Except for a generous number of judges and judicial candidates one also sees at Republican events these days, and for the several MOR Democrats (like businessman Karl Schledwitz) active in the campaigns of district attorney general Bill Gibbons and Sheriff Mark Luttrell, there was no taint of Republicanism at the Kennedy Day Dinner held Monday night by a newly cleansed Democratic Party.
Even so, there was still a large enough crowd to nearly fill the third-floor ballroom of the University of Memphis-area Holiday Inn to hear Governor Phil Bredesen‘s keynote address. Ironically, the famously centrist governor would proselytize for a commitment to the U.S. Senate campaign of Congressman Harold Ford Jr., not exactly a stickler for Democratic orthodoxy himself.

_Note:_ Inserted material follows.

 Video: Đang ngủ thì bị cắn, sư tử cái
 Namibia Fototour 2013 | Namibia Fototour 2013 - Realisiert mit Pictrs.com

As another irony, Memphis mayor Willie Herenton — whose loyalty to party causes and candidates has been, to put it mildly, uneven — was also on hand, at least at the beginning. But Gibbons and Luttrell were kept away, and that certainly represented a victory for the Democratic Party nominees — every countywide candidate save Mayor A C Wharton and the mysteriously invisible Circuit Court clerk nominee Roderic Ford — who had protested the possibility of the two Republican officeholders’ showing up as paying guests.
The group of nominees held two press conferences over the weekend to prevent that indignity and had gone so far as to issue an ultimatum to Shelby County Democratic chairman Matt Kuhn demanding that he disinvite Gibbons and Luttrell. That the letter bearing this demand was hand-delivered to Kuhn’s address after its 5 p.m. Saturday deadline had already expired was an unfortunate piece of bad timing.
Perhaps understandably, the normally laid-back Kuhn was perturbed by that circumstance, as well as by a statement made Sunday by Gibbons’ general-election opponent, Gail Mathes, the Democratic nominee for district attorney general. Mathes, who was serving as spokesperson for the group of nominees, said of Kuhn, “He did not return calls until the very last minute, when he may have called Mr. Gibbons — only Mr. Gibbons, and not necessarily the other incumbents, and he may have talked Mr. Gibbons into not coming.”
Kuhn would later characterize the implication that he ignored calls from Democratic nominees as a “boldfaced lie.” He said the only calls he had not returned were from Democratic activist David Upton, who played a major role in organizing the nominees’ protest, and that he had specifically and immediately returned a telephone call from Shep Wilbun, the party’s nominee for Juvenile Court clerk.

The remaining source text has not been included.